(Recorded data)
>>>
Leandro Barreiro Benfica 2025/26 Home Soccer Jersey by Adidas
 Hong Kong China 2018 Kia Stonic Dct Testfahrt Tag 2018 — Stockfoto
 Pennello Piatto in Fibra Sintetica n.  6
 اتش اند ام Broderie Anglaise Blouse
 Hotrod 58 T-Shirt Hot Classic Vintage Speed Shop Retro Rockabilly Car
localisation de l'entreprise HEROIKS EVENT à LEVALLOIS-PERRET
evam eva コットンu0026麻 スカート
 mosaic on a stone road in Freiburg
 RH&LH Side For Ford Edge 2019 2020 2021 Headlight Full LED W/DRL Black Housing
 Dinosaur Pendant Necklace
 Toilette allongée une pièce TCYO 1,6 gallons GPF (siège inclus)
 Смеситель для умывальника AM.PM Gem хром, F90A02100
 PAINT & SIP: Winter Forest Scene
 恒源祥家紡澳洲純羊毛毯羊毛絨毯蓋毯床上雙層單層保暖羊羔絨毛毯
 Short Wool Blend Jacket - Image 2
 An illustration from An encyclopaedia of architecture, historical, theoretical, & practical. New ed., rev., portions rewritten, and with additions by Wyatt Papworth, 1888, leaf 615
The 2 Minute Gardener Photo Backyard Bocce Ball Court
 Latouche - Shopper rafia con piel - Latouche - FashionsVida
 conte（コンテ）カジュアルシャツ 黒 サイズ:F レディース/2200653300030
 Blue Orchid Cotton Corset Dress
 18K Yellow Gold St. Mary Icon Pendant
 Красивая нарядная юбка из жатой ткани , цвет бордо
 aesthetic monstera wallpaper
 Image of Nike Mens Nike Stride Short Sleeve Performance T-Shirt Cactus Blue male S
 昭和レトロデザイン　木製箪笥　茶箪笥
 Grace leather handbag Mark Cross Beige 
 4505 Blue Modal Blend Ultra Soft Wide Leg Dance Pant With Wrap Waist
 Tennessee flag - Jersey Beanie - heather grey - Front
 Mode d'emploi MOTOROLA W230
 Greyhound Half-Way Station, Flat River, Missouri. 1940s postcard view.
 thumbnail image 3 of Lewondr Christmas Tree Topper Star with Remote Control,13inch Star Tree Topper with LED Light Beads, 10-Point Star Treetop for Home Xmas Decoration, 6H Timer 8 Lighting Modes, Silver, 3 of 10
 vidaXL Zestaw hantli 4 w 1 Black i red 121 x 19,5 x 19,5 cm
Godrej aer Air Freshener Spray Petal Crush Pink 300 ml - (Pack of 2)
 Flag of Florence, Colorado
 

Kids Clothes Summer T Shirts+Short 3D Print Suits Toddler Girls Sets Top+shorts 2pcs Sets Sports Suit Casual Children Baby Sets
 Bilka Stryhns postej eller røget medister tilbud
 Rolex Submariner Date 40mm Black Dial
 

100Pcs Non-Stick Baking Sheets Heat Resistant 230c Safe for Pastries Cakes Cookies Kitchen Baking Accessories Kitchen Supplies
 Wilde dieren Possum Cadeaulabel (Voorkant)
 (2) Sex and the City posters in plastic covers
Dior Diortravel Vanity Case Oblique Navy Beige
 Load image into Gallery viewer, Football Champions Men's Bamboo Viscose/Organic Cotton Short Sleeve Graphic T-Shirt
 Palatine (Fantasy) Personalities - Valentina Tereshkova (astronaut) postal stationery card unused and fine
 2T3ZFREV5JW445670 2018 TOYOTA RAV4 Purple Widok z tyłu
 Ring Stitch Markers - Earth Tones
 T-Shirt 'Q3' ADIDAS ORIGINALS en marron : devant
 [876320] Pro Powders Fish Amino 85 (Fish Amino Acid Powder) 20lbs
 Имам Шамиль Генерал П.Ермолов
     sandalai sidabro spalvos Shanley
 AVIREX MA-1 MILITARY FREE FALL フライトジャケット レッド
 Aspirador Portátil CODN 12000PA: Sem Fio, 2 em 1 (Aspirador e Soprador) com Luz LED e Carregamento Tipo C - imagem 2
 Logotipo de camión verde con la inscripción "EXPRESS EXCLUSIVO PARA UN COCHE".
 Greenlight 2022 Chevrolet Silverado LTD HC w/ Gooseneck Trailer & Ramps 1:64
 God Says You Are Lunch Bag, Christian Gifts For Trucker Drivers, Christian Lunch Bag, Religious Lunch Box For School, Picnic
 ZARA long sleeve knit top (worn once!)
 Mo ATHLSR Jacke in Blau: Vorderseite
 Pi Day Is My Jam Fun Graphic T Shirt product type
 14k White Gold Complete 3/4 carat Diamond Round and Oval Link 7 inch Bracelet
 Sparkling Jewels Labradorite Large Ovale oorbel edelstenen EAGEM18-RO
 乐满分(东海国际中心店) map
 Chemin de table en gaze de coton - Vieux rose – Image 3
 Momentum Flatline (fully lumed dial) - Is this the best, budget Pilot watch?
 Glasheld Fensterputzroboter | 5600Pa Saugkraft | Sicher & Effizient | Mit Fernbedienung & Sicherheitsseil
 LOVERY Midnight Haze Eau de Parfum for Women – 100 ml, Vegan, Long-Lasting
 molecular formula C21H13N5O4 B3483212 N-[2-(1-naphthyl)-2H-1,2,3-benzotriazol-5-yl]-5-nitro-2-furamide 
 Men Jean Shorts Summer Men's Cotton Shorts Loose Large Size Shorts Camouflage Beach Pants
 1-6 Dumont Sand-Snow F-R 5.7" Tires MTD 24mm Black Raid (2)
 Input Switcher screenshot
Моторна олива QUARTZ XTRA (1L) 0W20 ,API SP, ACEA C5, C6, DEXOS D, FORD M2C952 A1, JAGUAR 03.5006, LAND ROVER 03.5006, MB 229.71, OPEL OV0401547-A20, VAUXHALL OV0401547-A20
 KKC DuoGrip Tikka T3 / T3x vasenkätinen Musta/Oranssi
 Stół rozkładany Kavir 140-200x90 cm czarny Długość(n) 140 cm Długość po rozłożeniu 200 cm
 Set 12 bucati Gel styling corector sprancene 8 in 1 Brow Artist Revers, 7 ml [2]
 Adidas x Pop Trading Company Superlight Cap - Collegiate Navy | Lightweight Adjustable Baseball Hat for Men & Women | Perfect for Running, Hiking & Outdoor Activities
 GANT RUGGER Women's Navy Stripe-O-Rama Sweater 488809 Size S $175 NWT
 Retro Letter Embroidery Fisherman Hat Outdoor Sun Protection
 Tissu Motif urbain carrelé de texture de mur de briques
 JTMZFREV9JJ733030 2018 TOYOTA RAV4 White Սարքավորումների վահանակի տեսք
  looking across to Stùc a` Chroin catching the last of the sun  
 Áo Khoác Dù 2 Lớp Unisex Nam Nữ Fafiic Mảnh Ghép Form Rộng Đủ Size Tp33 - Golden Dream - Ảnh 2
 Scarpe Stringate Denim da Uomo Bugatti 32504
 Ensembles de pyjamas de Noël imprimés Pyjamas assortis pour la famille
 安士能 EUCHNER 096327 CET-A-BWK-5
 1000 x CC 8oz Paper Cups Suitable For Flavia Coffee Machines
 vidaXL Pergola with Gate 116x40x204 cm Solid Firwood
<<<
**DESCRIPTION OF THE TASK:** Copy out each line of the data that has the word "Outdoor" in it.

**WORKED SOLUTION:**
 Adidas x Pop Trading Company Superlight Cap - Collegiate Navy | Lightweight Adjustable Baseball Hat for Men & Women | Perfect for Running, Hiking & Outdoor Activities
 Retro Letter Embroidery Fisherman Hat Outdoor Sun Protection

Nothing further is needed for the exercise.